We took his bike into town today and he rode around the harbour, like this time last year. After a cinnamon roll at our favourite cafe Felix rode around and around the harbour – it was a golden, expansive, perfect five minutes and he picked a flower for me. Then he realised the outing was not going to include a toy shop and suddenly he ran out of energy and the ride back to the car was not so relaxing. But you get to choose which five minutes to hold on to, right?

Dear Antonia. The photo I wish I took of her happened yesterday: Antonia sitting in a tiny island of space in the midst of a sea of ALL the wooden trains and train tracks strewn about her, grinning up at me, cheerfully chewing on the tail of a plastic stegosaurus. Felix had decided to tip all the trains out while we were busy packing a picnic lunch (and to visualise this properly, you probably need to be familiar with quite how many trains live here), but we couldn’t be annoyed – the two of them were so delightfully content, sifting through the trains and tracks together.
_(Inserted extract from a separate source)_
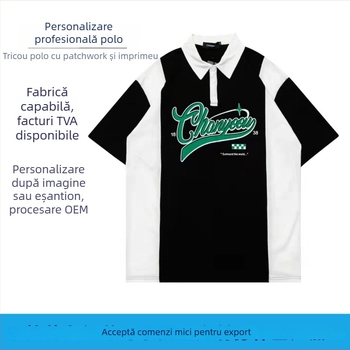 Tricou polo masculin personalizat în stil japonez, cu imprimeu cu litere și cusături în culoare contrastantă, guler polo deschis, mâneci scurte, croială lejeră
But the camera was not nearby. So here is my darling in the cafe at the harbour today, just before we went out there with Felix’s bike. Some of my friends have said all along she reminds them of my Mum, and in this photo I see it.

Linking with Jodi for a portrait of my children once a week in 2015.

And now I have to show you all the other photos I took of Felix, because they are just too adorable. The dandelion is now wilting in my bag, after I rescued it from being eaten by Antonia in the park. But who could resist?